Marketplace’s Jeremy Hobson has the story from New York.


Jeremy Hobson: Elizabeth Warren has her work cut out for her. Today, President Obama laid it out.

President Barack Obama: She will help oversee all aspects of the bureau’s creation from staff recruitment to designing policy initiatives to future decisions about the agency.

Aides to Elizabeth Warren say her top priority will be setting up an agency that eliminates the fine print, making loan agreements easier to understand. But Travis Plunkett at the Consumer Federation of America says there’s a lot more than that on Warren’s plate.

Travis Plunkett: Abusive mortgage lending practices, for example. Overdraft loans, payday and auto title loans, these are short-term, high-cost loans. Interest rates start at about 400 percent.
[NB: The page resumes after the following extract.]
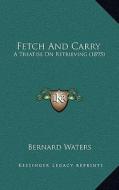 Fetch and Carry: A Treatise on Retrieving (1895) di Bernard Waters edito da Kessinger Publishing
And the list goes on and on.

And every industry on that list may end up looking a little different because of Warren’s work.

Christopher Bellini: Probably the last thing of this significance was the Glass-Steagall act coming out of the Depression.

Christopher Bellini is a lawyer with Gibson Dunn & Crutcher. He’s talking about the act that separated commercial banking from investment banking. He says the Consumer Financial Protection Bureau could reshape a lot of companies.

Bellini: You may find that organizations that previously were able to operate on a stand-alone basis may need to grow larger to comply with the costs or they may sell out to other people and you may see a consolidation in the industries.

And don’t forget that Warren will have to set up an agency that can take our calls. Again, here’s Travis Plunkett:

Plunkett: This agency is going to handle complaints that consumers have about their banks and financial services companies. It’s going to have to get a complaint system up and running by the time it opens its doors next July.

Warren may get her first dose of public comments next Tuesday at an event to discuss mortgage disclosure forms.

In New York, I’m Jeremy Hobson for Marketplace.